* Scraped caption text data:
——————————
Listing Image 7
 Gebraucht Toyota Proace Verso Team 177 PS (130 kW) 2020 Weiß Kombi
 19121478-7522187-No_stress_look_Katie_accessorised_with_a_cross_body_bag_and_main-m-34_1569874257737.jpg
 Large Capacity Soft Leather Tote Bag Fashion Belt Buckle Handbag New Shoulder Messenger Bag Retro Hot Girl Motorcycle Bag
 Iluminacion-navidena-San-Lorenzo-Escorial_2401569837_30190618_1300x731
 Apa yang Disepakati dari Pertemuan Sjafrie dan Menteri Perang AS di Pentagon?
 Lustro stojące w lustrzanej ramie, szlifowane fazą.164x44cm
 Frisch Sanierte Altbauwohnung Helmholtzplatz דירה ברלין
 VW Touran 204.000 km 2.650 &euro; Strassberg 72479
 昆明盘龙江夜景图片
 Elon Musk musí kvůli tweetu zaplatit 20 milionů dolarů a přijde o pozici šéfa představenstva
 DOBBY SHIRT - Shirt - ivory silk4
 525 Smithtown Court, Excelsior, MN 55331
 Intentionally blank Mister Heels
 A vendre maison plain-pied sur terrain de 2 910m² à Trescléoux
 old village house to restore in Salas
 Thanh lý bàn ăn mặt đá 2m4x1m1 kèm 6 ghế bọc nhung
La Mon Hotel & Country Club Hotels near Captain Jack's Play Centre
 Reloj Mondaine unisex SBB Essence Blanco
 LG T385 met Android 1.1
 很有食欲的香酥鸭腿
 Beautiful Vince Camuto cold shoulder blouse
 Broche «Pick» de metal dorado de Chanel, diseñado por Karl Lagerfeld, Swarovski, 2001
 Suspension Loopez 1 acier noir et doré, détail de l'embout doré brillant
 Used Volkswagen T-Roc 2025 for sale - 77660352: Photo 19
——————————
* HOW TO COMPLETE THIS TASK: Every entry should be retyped exactly as it appears.

* RESPONSE AREA:
Listing Image 7
 Gebraucht Toyota Proace Verso Team 177 PS (130 kW) 2020 Weiß Kombi
 19121478-7522187-No_stress_look_Katie_accessorised_with_a_cross_body_bag_and_main-m-34_1569874257737.jpg
 Large Capacity Soft Leather Tote Bag Fashion Belt Buckle Handbag New Shoulder Messenger Bag Retro Hot Girl Motorcycle Bag
 Iluminacion-navidena-San-Lorenzo-Escorial_2401569837_30190618_1300x731
 Apa yang Disepakati dari Pertemuan Sjafrie dan Menteri Perang AS di Pentagon?
 Lustro stojące w lustrzanej ramie, szlifowane fazą.164x44cm
 Frisch Sanierte Altbauwohnung Helmholtzplatz דירה ברלין
 VW Touran 204.000 km 2.650 &euro; Strassberg 72479
 昆明盘龙江夜景图片
 Elon Musk musí kvůli tweetu zaplatit 20 milionů dolarů a přijde o pozici šéfa představenstva
 DOBBY SHIRT - Shirt - ivory silk4
 525 Smithtown Court, Excelsior, MN 55331
 Intentionally blank Mister Heels
 A vendre maison plain-pied sur terrain de 2 910m² à Trescléoux
 old village house to restore in Salas
 Thanh lý bàn ăn mặt đá 2m4x1m1 kèm 6 ghế bọc nhung
La Mon Hotel & Country Club Hotels near Captain Jack's Play Centre
 Reloj Mondaine unisex SBB Essence Blanco
 LG T385 met Android 1.1
 很有食欲的香酥鸭腿
 Beautiful Vince Camuto cold shoulder blouse
 Broche «Pick» de metal dorado de Chanel, diseñado por Karl Lagerfeld, Swarovski, 2001
 Suspension Loopez 1 acier noir et doré, détail de l'embout doré brillant
 Used Volkswagen T-Roc 2025 for sale - 77660352: Photo 19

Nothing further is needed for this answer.